Assignment - Nothing but the lines from the start of the data through the line with "米乐 M6自动化设备板块3月" should appear in the answer, each retyped exactly, and pictures should not.

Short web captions
==================================================
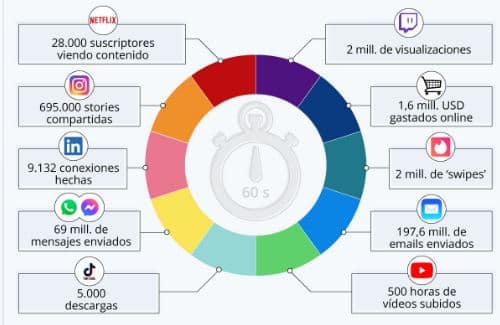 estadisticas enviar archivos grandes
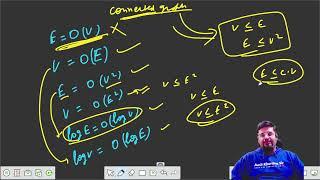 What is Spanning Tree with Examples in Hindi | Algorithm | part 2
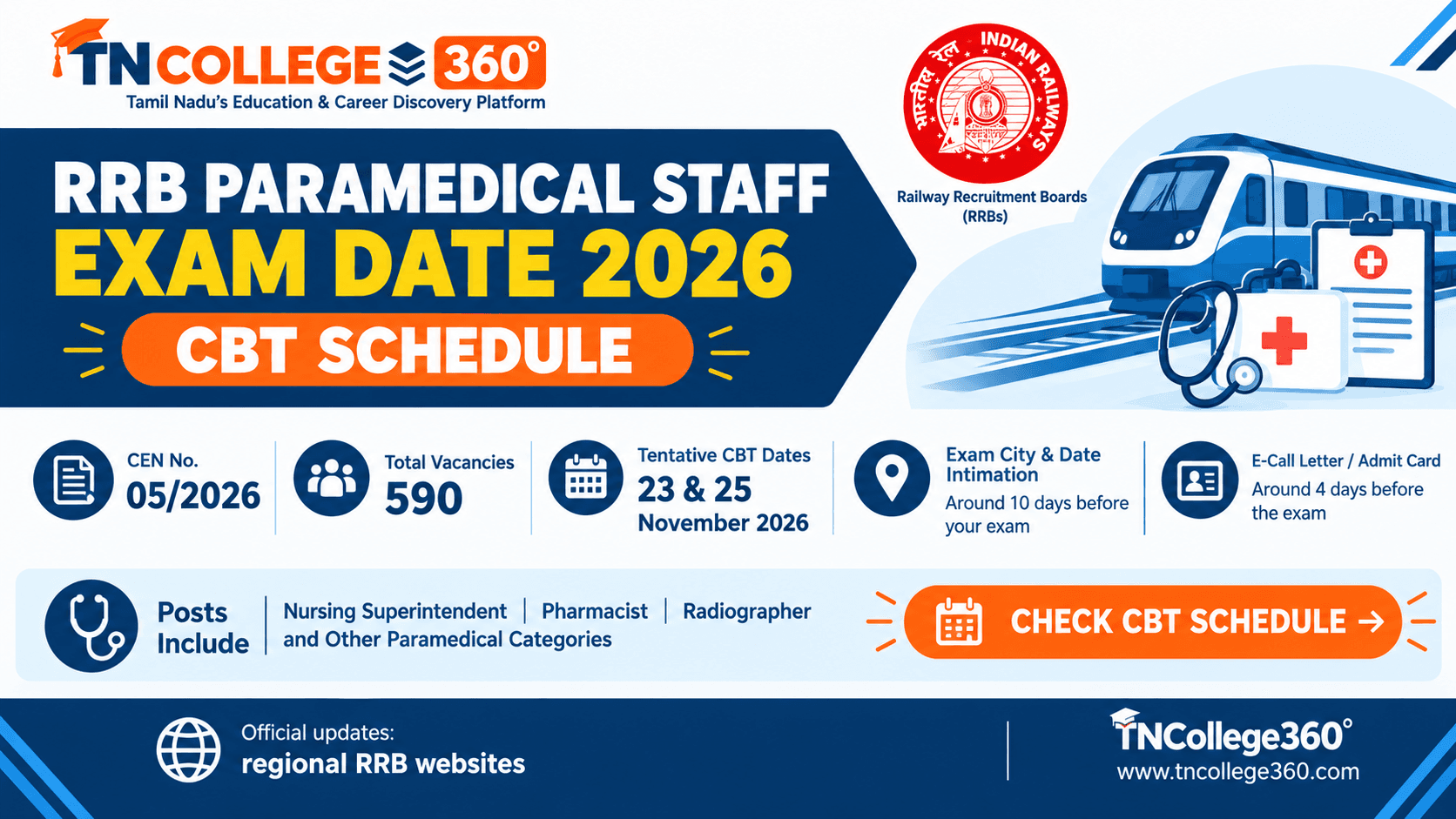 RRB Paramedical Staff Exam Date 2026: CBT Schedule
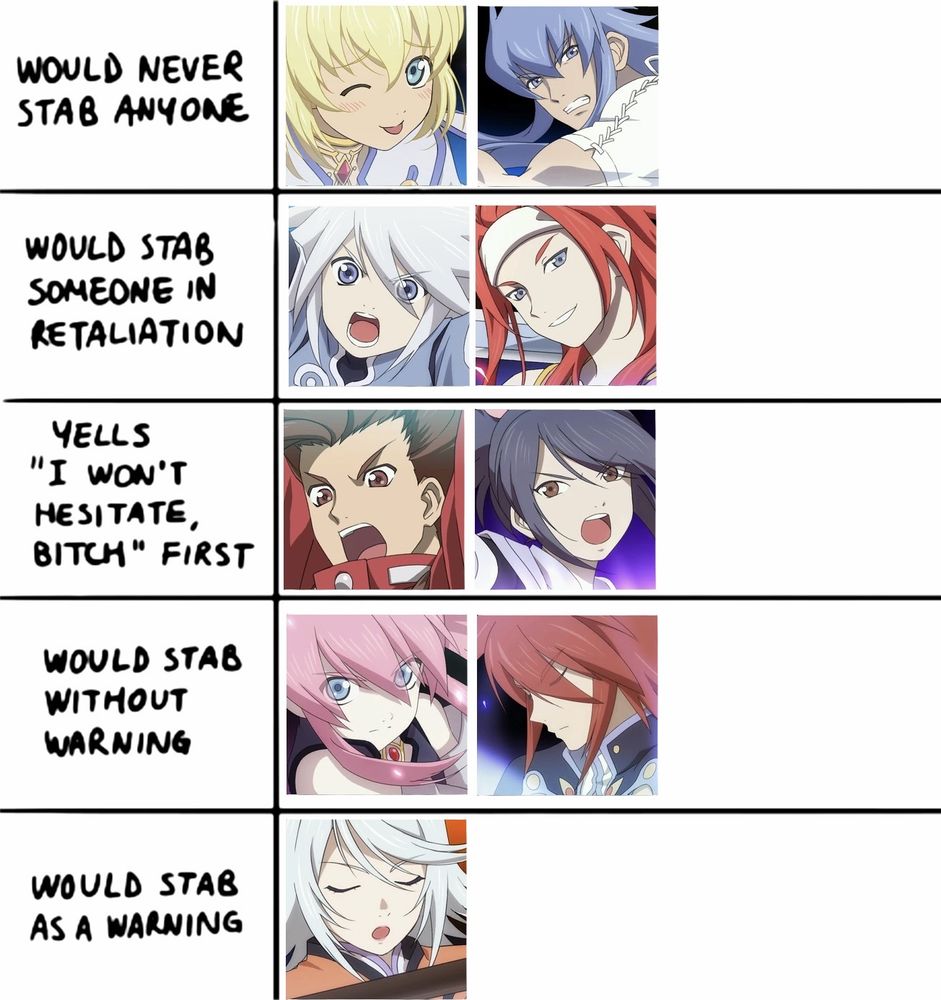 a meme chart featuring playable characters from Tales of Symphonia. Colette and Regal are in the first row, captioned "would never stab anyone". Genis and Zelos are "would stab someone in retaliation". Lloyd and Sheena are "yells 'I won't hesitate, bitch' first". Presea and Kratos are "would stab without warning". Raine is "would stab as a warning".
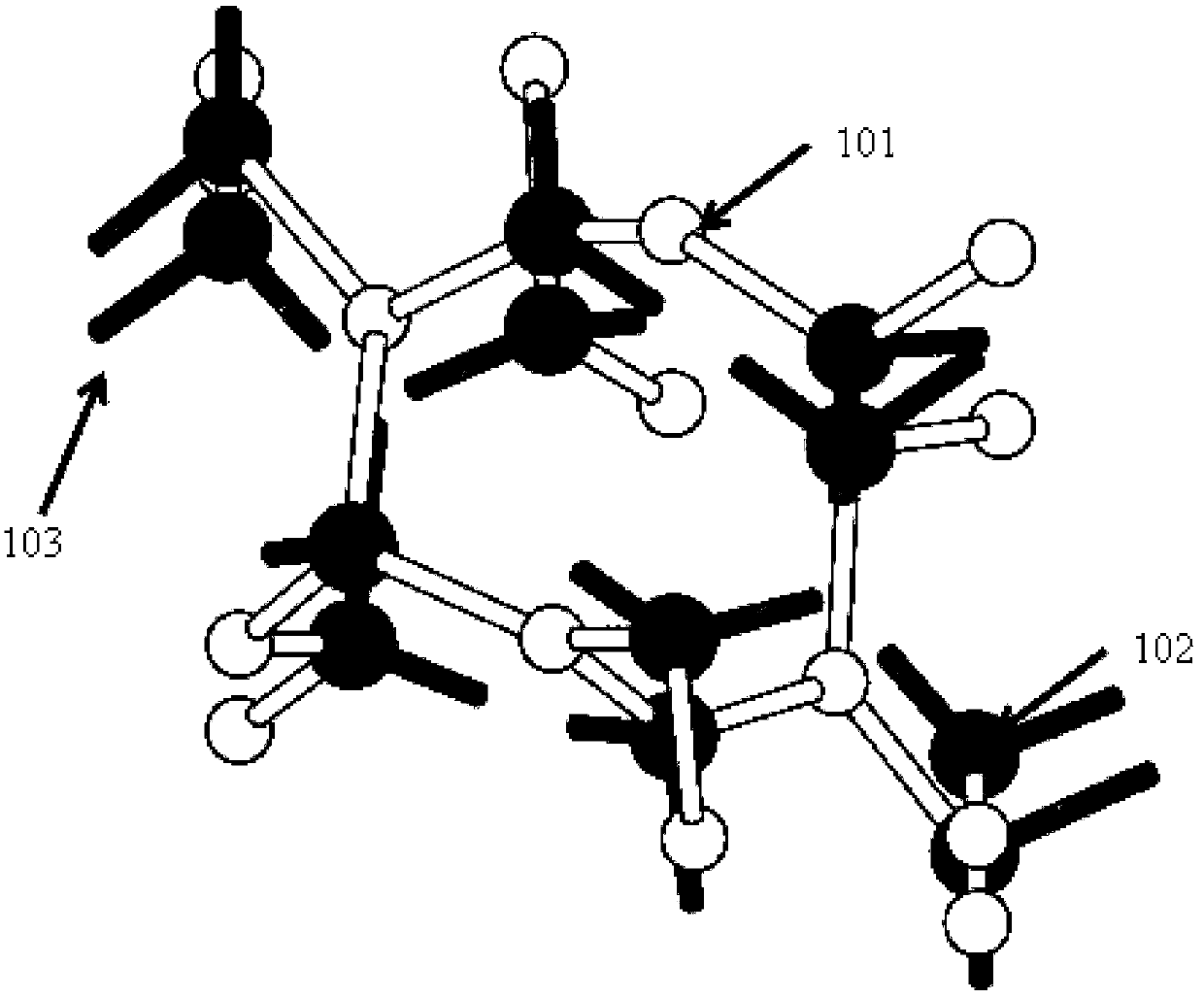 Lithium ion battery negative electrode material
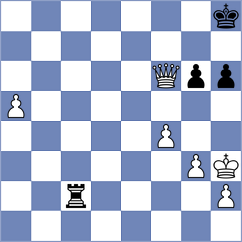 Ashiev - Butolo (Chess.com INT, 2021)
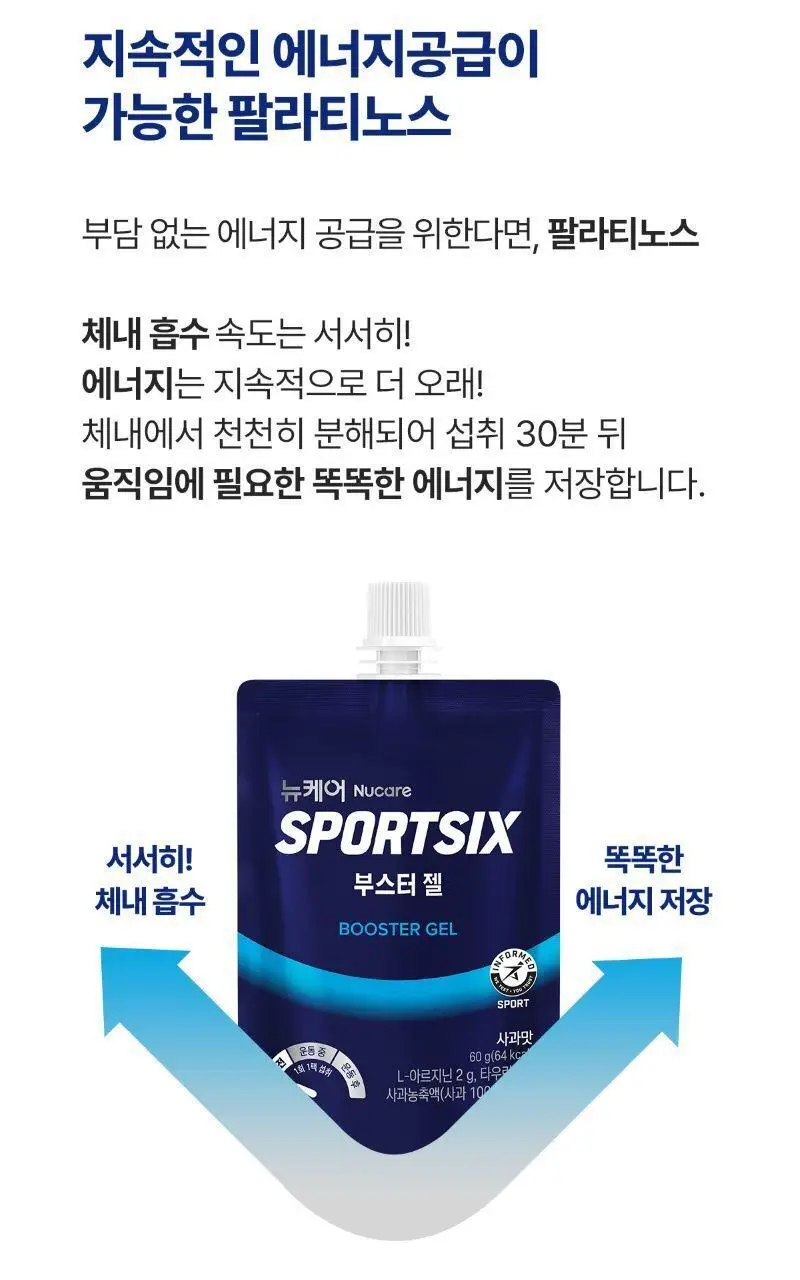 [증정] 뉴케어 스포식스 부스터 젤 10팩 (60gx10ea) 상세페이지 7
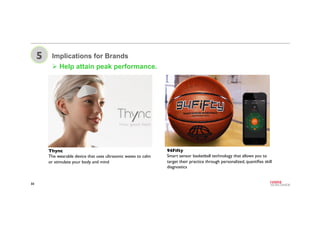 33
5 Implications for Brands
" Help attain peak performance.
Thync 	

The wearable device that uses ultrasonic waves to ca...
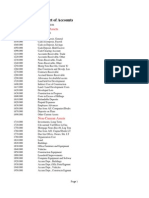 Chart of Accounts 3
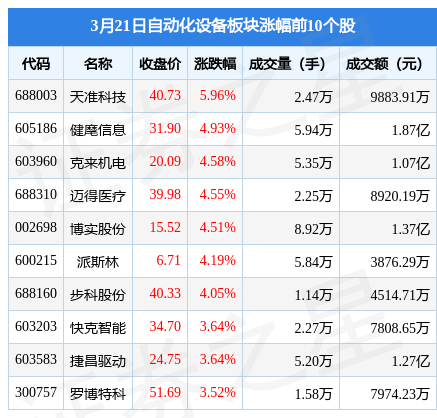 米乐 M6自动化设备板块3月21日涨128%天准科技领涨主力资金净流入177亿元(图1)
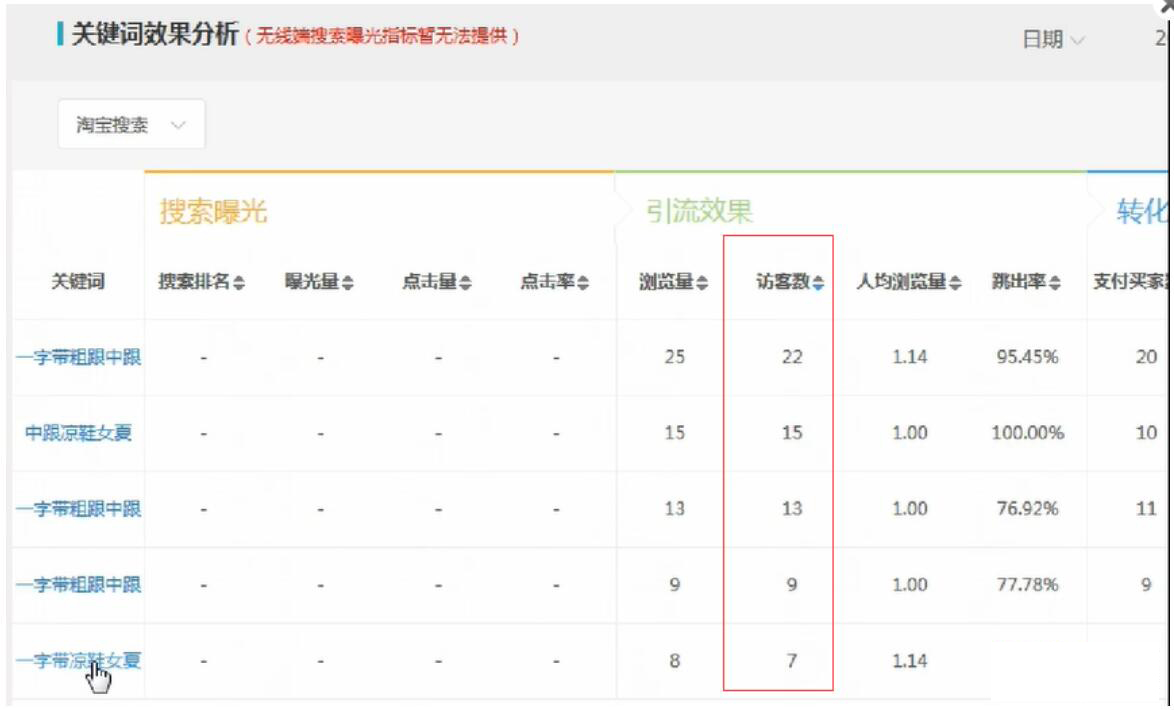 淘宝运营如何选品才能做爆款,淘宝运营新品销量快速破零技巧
==================================================
Solution to this task -
 estadisticas enviar archivos grandes
 What is Spanning Tree with Examples in Hindi | Algorithm | part 2
 RRB Paramedical Staff Exam Date 2026: CBT Schedule
 a meme chart featuring playable characters from Tales of Symphonia. Colette and Regal are in the first row, captioned "would never stab anyone". Genis and Zelos are "would stab someone in retaliation". Lloyd and Sheena are "yells 'I won't hesitate, bitch' first". Presea and Kratos are "would stab without warning". Raine is "would stab as a warning".
 Lithium ion battery negative electrode material
 Ashiev - Butolo (Chess.com INT, 2021)
 [증정] 뉴케어 스포식스 부스터 젤 10팩 (60gx10ea) 상세페이지 7
 33
5 Implications for Brands
" Help attain peak performance.
Thync 	

The wearable device that uses ultrasonic waves to ca...
 Chart of Accounts 3
 米乐 M6自动化设备板块3月21日涨128%天准科技领涨主力资金净流入177亿元(图1)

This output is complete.